Biz, ufkun ya da vizyonun ana kaynağı olarak Marksizm’i görüyoruz.

Sartre’ın zamanında dediği gibi “çağımızın felsefi ufku” olan Marksizm’i… Gerçi Sartre bunu 57 yıl önce söylemiştir, ama değişen bir şey olduğunu düşünmüyoruz.

Biz düşünmüyoruz da düşünenler vardır. Hepsi kendini solcu olarak tanımlayan, bizce de öyle olan bu kesimde yer alanların kimisi açık kimisi daha örtük biçimde Marksizm’in “aşılmış” yanlarına işaret etmektedir.

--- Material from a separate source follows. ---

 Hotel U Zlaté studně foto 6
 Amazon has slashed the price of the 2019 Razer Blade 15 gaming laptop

Bu bağlamda iki damardan söz edebiliyoruz.

Birinci damar, Marksizm’in sınıf, sınıf mücadelesi, sömürü, proletarya diktatörlüğü gibi kategorilerini “eskimiş” ya da “aşılmış” sayarak bunların yerine ademi merkeziyetçilik temelinde, yerelci, demokratik toplum örgütlenmelerini önermektedir. Bu damarın Marksizm’le asıl sorunu, az önce sıralanan Marksist kategorilerin ulus devlet ölçek alındığında en azından başlarda belirli bir merkeziliği ve merkeziyetçi müdahaleleri öngörmesidir.

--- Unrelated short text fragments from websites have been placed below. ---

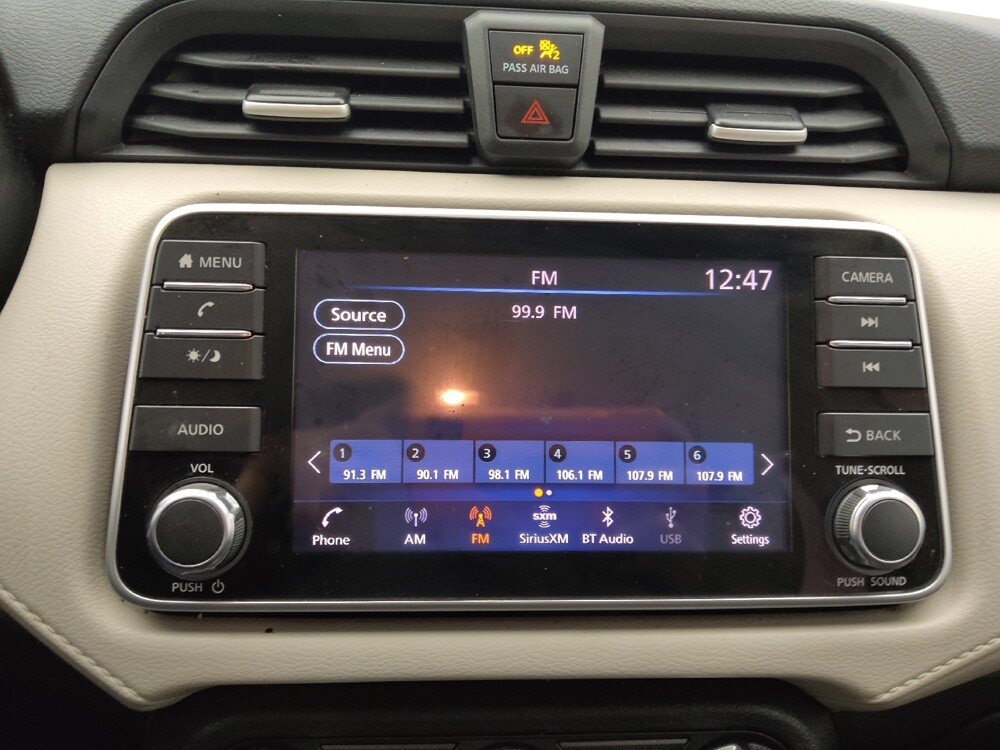 2021 Nissan Versa in Gladstone, MO 64118 - 18111199 25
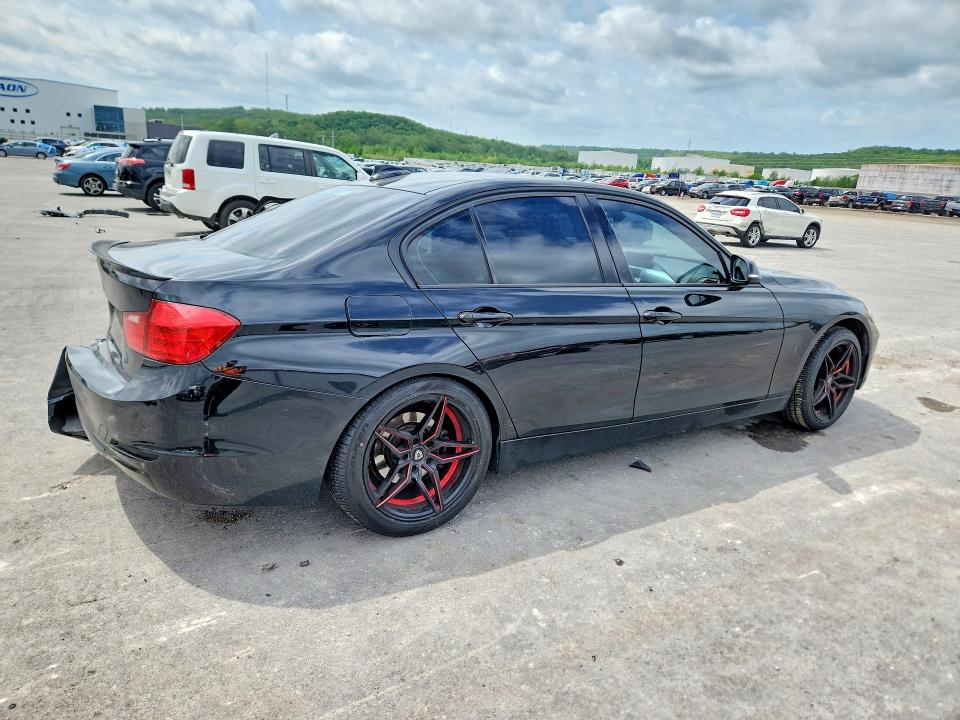 49865336 :رقم المزاد ، WBA3C1C53DF434690 vin ، 2013 Bmw 328 مزاد بيع
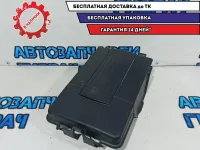 Крышка аккумулятора Volkswagen Tiguan 3C0915443A.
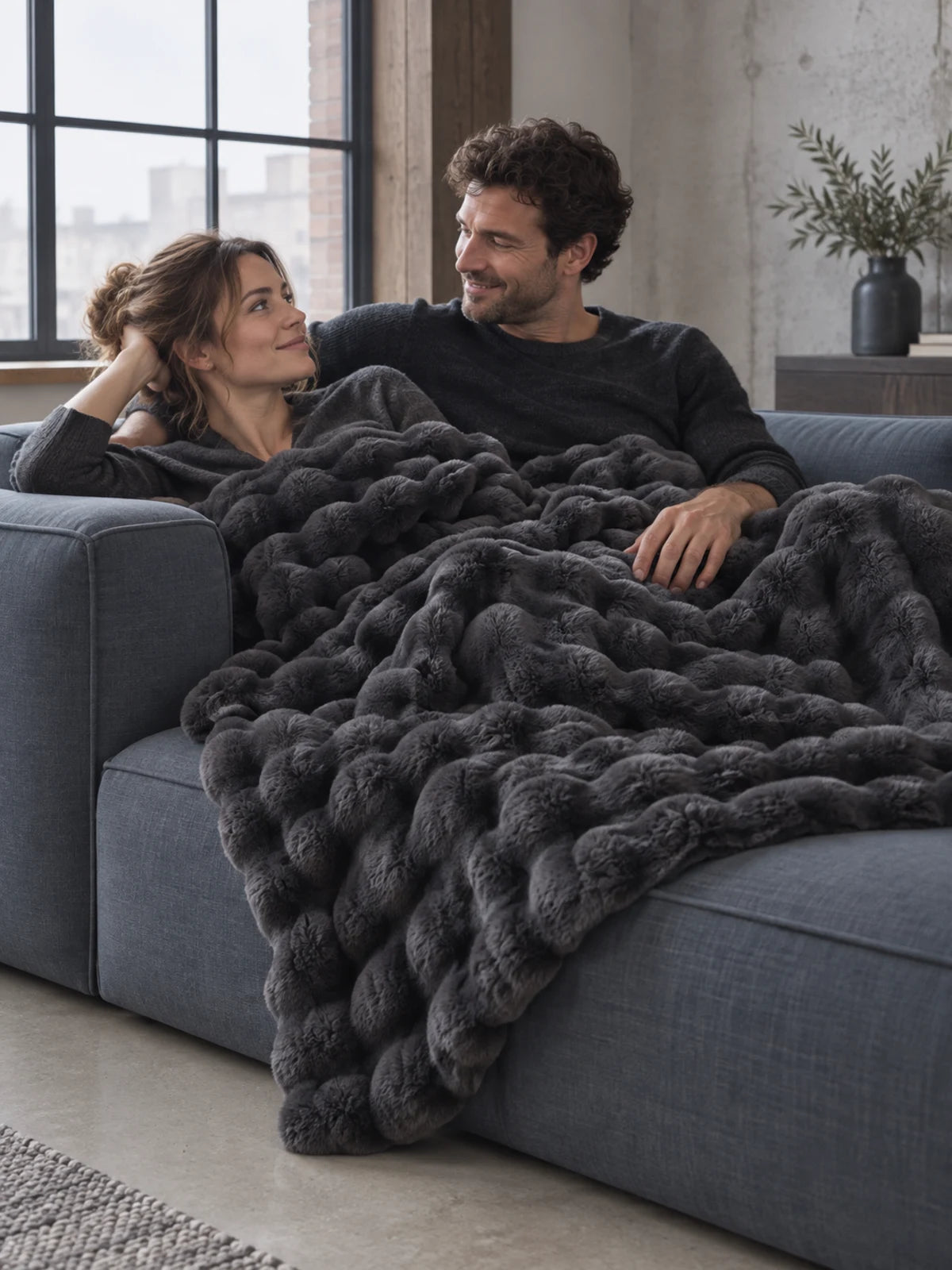 Paar auf dem Sofa mit der Decke Anthracite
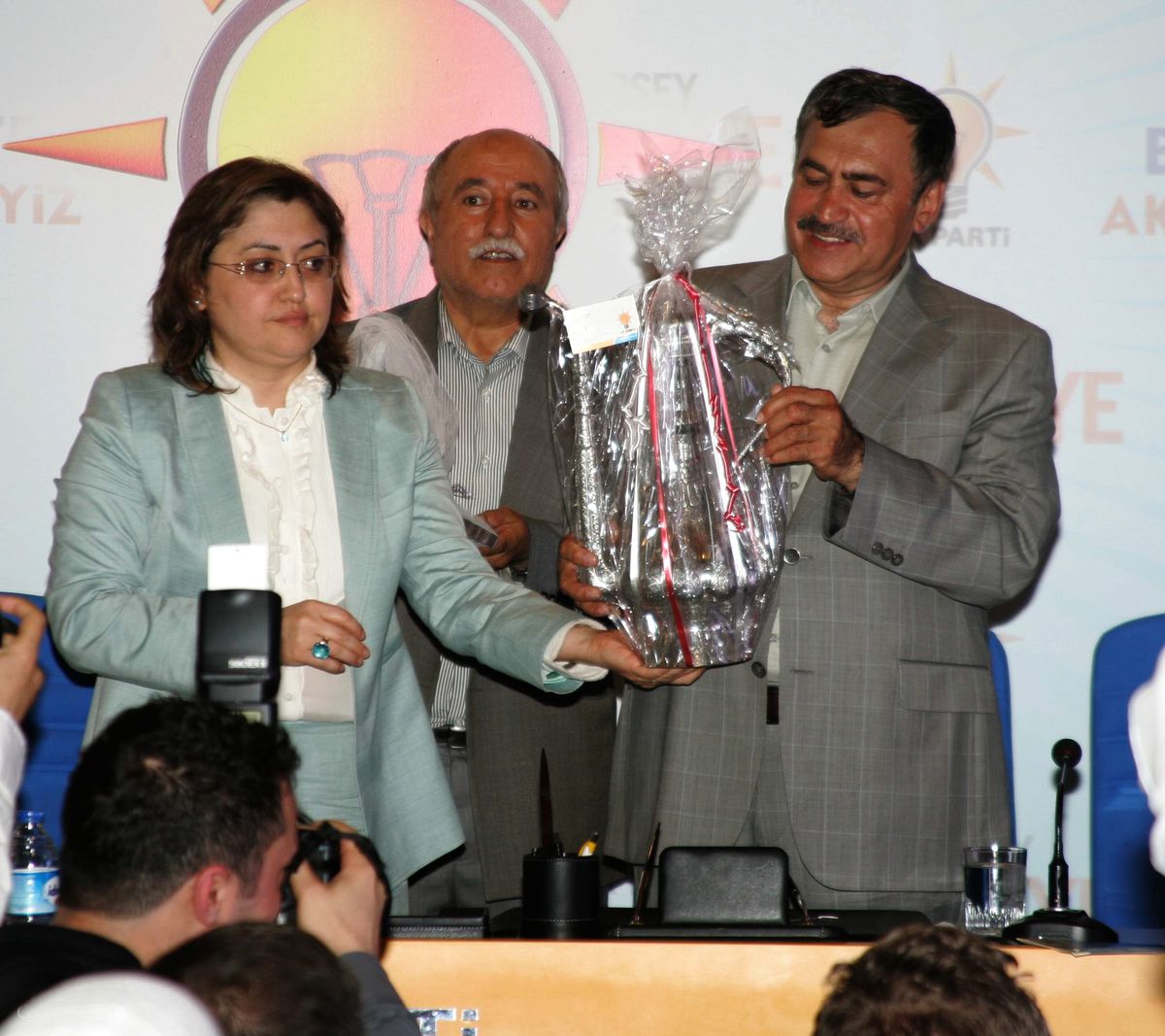 Bakan Şahin ve Eroğlu, AK Parti Gaziantep İl Başkanlığını Ziyaret Etti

Bizim bu damarla asıl sorunumuz ise, belirli bir ulusal sorunun çözümü bağlamında önerilebilecek ve tartışılabilecek bir modelin daha ötelere geçilerek çağımızın evrensel “sosyalizm modeli” olarak sunulmasıdır. 

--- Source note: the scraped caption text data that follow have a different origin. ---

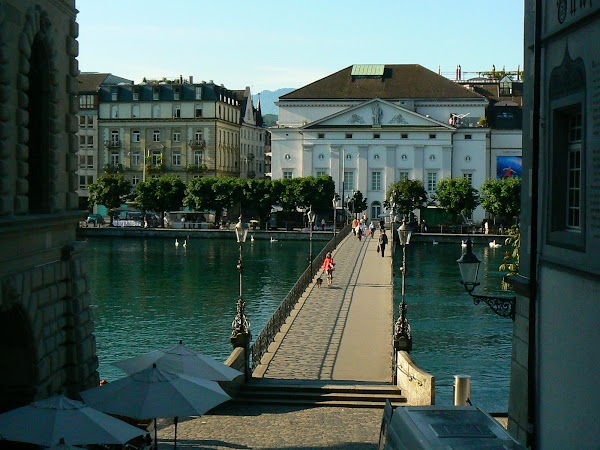 Obiective turistice Elvetia: pod raul Reuss, Luzern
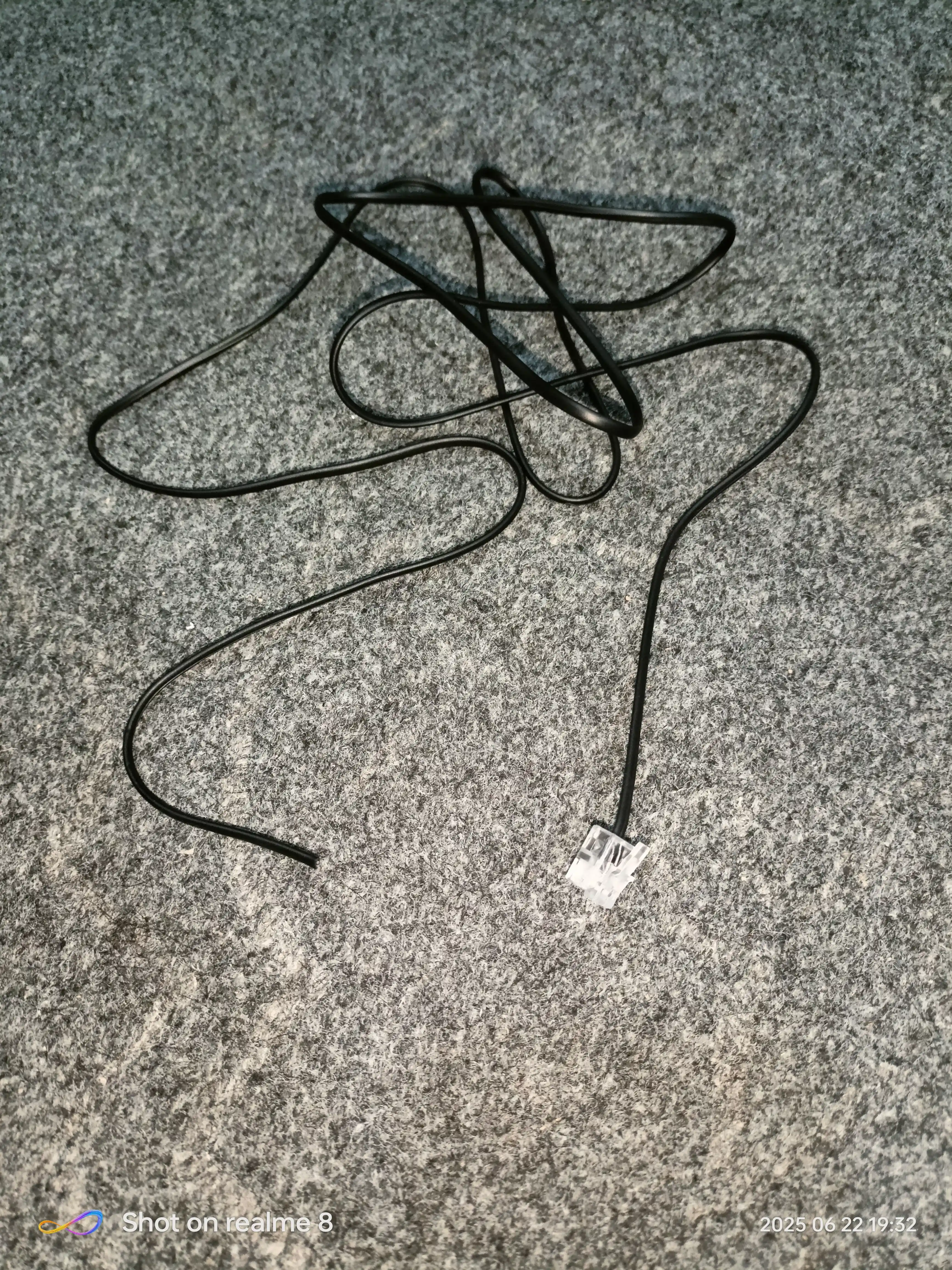 Simli uy telefoni  OHO-807 CID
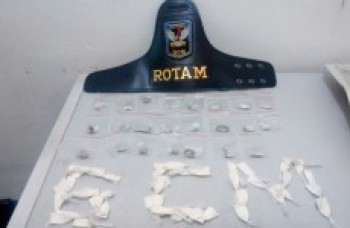 GCM apreende drogas em Itaquá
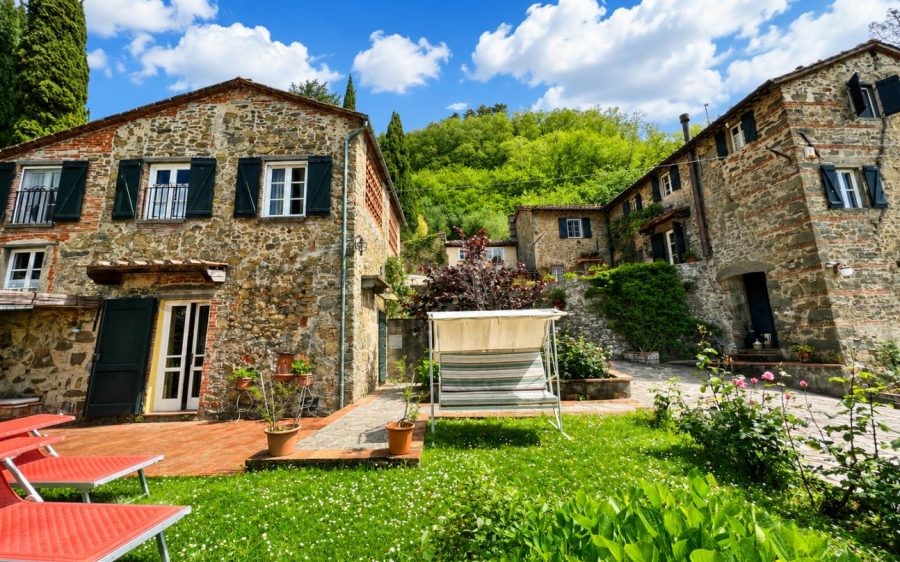 Borgo in pietra con piscina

Zamanı gelince (gelip gelmeyeceği de belli değildir) daha ayrıntılı tartışırız.

***

İkinci damar, öyle fazla “entelektüel derinlik” taşımaz; daha çok güncelci ve reel politiktir. Kimi zaman açık dile getirilse de çoğunlukla örtük kalan kabulü şöyledir: Bildiğimiz anlamda sosyalizm 20. yüzyılın gündemi ya da paradigmasıydı, orada kalmıştır… Çağımızın paradigması ise, ulus devletlerin ABD’nin başını çektiği emperyalist sisteme başkaldırması, ABD emperyalizmini geriletip inine tıkması ve dünyayı bu anlamda özgürleştirmesidir.

Ondan sonra?

Ondan sonrası pek yoktur ya da vardır da söylenmemektedir. Belki de şudur: Amerikan hegemonyasına son verme adına kendi ulus devletlerine kul köle olmayı, bu devletlerin zenginleşip Amerika’ya karşı dikilebilmesi için en olumsuz koşullarda çalışmayı, milliyetçiliği, çeşitli hak ve özgürlüklerden yoksun kalmayı içlerine sindiren milyonlarca emekçi, maksat hasıl olduktan sonra hala mecalleri kalmışsa “Şimdi sosyalizm zamanı” diyecektir…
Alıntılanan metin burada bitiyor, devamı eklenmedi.